Rappelons qu’avant sa fermeture causée par le REM, le train de Deux-Montagnes transportait 7500 personnes en pointe le matin.

« Dans le dossier du REM de l’Ouest, plusieurs irritants se sont produits qui vont à l’encontre des bonnes pratiques en matière d’éthique, de transparence et de bonne gouvernance, avance Michel Archambault, professeur émérite de tourisme à l’Université du Québec à Montréal (UQAM) et expert en planification des transports. Il y a des leçons à tirer pour les parties prenantes sur les façons de faire qui doivent être modifiées dans l’avenir pour le REM de l’Est. »

La Ville de Laval, à l’instar des autres villes et arrondissements traversés par le REM de l’Ouest, a signé une entente de confidentialité avec CDPQ Infra. « Il a été mentionné plusieurs fois que ces ententes étaient bien trop restrictives dans une gouvernance de démocratie, indique Pierre Barrieau. Ç’a complètement muselé les maires. »

Dans le présent cas, la Ville de Laval s’est opposée pendant près de 30 mois à la diffusion de la lettre du maire, soutenant que sa divulgation allait entraver ses négociations avec CDPQ Infra.

« Aucun élément de la preuve présentée ne permet de conclure que sa divulgation aurait pour effet d’entraver une négociation en cours avec la Ville », a tranché la commissaire Martine Riendeau dans sa décision rendue le mois dernier.

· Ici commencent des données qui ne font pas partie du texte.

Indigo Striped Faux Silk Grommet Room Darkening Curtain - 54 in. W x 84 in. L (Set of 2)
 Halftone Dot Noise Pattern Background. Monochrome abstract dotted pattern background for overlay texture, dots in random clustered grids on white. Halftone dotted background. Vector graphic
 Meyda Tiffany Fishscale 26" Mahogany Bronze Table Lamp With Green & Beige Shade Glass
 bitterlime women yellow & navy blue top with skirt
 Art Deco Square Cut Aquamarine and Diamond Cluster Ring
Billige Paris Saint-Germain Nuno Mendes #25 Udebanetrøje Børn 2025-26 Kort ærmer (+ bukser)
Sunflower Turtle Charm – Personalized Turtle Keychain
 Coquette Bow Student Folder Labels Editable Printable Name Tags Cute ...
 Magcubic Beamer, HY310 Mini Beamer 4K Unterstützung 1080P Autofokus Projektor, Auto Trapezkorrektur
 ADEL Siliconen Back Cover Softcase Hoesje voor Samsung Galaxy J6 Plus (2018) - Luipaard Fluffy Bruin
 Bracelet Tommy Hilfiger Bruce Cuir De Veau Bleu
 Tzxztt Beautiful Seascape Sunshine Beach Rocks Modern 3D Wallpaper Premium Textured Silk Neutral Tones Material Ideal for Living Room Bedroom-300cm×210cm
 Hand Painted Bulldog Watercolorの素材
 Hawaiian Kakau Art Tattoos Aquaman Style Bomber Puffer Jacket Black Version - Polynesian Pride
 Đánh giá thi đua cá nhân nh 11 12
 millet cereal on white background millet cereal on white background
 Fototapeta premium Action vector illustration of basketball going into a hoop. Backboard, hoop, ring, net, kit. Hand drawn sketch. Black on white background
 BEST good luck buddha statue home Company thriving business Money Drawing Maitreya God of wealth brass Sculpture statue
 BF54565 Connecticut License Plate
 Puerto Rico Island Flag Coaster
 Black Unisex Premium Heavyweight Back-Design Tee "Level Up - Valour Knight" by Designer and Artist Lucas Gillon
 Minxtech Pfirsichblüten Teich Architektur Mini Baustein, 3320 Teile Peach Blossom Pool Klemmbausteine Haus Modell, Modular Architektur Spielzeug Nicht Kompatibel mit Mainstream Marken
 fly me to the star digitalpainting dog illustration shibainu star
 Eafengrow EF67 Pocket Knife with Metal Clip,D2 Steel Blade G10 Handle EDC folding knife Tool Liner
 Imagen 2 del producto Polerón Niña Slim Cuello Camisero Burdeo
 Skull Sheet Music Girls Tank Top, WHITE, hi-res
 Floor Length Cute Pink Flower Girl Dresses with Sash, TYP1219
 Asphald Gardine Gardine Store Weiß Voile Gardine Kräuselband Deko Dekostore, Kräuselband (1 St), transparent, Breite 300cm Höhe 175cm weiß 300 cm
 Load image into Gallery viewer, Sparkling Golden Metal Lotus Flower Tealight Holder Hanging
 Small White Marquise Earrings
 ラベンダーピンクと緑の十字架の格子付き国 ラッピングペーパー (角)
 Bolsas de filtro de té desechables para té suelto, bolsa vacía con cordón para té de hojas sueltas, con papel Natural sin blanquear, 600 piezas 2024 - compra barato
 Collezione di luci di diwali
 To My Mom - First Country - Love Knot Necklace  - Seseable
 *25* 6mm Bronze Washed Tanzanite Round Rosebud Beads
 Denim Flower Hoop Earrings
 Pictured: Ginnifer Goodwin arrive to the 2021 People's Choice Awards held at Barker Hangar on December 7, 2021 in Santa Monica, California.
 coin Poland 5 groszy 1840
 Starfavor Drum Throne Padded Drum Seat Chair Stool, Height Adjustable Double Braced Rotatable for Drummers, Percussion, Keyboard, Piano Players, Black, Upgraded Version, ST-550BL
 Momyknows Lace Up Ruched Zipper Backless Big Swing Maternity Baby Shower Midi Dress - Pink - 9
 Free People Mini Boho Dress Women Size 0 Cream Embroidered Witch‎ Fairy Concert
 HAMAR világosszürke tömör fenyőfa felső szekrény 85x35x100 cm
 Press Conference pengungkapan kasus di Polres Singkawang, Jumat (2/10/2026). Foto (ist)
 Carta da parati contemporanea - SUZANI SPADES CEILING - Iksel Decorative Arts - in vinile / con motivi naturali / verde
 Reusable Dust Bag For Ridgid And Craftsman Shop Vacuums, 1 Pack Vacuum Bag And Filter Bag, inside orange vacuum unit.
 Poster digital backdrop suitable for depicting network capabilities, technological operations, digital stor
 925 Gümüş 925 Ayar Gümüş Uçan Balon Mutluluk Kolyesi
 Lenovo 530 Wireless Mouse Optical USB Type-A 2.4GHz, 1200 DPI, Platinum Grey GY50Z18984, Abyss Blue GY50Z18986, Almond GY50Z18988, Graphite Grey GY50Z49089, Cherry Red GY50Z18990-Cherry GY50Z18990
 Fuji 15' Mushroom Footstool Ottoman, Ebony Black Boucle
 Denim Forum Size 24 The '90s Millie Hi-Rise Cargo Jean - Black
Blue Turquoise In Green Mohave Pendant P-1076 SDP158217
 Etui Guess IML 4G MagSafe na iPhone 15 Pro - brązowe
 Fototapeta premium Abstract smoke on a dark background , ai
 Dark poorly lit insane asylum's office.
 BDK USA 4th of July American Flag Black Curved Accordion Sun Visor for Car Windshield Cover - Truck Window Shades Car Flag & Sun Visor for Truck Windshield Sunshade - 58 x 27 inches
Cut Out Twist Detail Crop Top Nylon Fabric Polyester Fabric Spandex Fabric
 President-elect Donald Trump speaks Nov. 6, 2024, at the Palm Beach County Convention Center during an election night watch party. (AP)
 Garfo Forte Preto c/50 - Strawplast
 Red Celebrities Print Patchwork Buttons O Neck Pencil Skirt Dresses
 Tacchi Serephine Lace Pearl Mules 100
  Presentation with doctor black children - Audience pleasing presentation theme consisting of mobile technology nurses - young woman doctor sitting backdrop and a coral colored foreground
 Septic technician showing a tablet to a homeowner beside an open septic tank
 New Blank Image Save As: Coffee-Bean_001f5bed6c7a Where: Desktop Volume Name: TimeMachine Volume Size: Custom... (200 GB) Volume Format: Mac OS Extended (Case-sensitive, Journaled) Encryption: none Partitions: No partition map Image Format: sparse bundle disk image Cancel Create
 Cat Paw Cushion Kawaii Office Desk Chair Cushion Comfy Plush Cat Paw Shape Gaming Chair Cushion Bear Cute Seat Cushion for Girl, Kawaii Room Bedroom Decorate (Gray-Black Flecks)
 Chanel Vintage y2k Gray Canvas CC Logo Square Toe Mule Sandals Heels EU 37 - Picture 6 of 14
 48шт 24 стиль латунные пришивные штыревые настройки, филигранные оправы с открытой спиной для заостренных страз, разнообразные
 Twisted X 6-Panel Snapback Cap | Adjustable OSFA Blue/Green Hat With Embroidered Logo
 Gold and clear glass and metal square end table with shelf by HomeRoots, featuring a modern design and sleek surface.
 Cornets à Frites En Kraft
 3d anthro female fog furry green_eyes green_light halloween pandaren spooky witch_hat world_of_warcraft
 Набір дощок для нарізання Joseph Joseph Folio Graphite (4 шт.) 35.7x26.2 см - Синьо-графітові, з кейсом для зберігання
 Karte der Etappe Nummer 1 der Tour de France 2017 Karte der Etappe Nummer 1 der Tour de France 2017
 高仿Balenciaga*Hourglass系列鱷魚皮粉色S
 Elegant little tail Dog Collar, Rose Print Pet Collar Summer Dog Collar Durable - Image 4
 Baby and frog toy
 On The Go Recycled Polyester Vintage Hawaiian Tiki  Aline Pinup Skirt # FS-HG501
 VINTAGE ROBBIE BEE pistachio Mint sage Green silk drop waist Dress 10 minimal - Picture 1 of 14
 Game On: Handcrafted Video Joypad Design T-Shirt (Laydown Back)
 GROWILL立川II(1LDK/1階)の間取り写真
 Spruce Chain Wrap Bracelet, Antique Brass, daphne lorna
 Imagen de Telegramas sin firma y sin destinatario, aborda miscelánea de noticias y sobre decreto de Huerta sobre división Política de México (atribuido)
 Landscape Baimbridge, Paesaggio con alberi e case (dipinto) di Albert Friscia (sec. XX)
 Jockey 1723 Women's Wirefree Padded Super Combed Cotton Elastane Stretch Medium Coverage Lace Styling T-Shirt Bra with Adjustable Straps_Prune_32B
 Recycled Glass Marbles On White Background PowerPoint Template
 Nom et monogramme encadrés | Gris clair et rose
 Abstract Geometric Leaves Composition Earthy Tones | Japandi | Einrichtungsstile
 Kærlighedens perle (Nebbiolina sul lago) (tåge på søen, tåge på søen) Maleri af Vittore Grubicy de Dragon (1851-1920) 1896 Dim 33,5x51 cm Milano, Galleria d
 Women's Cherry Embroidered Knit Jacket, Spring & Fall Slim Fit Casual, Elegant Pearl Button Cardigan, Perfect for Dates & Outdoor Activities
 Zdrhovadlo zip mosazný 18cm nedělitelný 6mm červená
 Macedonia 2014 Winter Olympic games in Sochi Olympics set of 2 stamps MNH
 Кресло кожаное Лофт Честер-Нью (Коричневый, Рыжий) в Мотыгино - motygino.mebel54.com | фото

Un article qui fait du bruit à l’hôtel de ville

La lettre du maire Marc Demers fait référence à un article du journaliste Bruno Bisson de La Presse daté du 27 mars 2018, qui évoquait pour la première fois publiquement la fermeture du tunnel.

Jusqu’alors, la Caisse soutenait que le train de Deux-Montagnes continuerait de rouler pendant la majeure partie des travaux dans le tunnel.

Cet article de La Presse a provoqué un branle-bas de combat à la Caisse de dépôt et à la Ville de Laval.

La veille, la directrice des affaires publiques de CDPQ Infra, Virginie Cousineau, avait envoyé un courriel peu avant 20 h au bureau du maire l’avertissant de la parution de l’article de lendemain.

« Je te remercie d’avoir pris le temps d’informer MLM [Monsieur le Maire] lundi soir, malgré l’heure tardive », lui a répondu le lendemain Denis Malo, chef de division aux communications, dans un échange de courriels. « Les Lavallois se posent plusieurs questions et nos élus devront pouvoir fournir des réponses très rapidement », lui a-t-il écrit en lui demandant de fournir un argumentaire.

Ici encore, La Presse a dû demander l’intervention du tribunal administratif pour obtenir une version moins caviardée des réponses préparées par CDPQ aux questions des Lavallois.

Parmi ses questions, la Ville a demandé sans succès à CDPQ Infra quand elle prévoyait la fermeture complète du tunnel et pendant combien de temps.

Sa fermeture pour le début de 2020 a été confirmée deux semaines plus tard dans un nouvel article de notre collègue Bruno Bisson. Le jour J a par la suite été reporté au 30 mars 2020, devant le tollé des usagers du train de Deux-Montagnes. Le dernier départ a eu lieu le 11 mai 2020, en pleine pandémie.

Au bureau du maire, les évènements de la fin de mars 2018 ont laissé des marques. « Les éléments communs à tous les sujets abordés par la présente expriment tous le même besoin fondamental : la communication d’une information précise au moment opportun et le dialogue entre les parties prenantes. La Ville de Laval vous convie à un tel exercice, convaincue que c’est un passage minimalement nécessaire pour la réussite de votre projet de REM », a conclu le maire dans sa missive.

– Avec la collaboration de William Leclerc, La Presse


EN SAVOIR PLUS

Réouverture prévue du tunnel du mont Royal
Prévue pour le printemps 2022, l’ouverture du tunnel, situé entre Du Ruisseau et la gare Centrale, ira à l’automne 2023.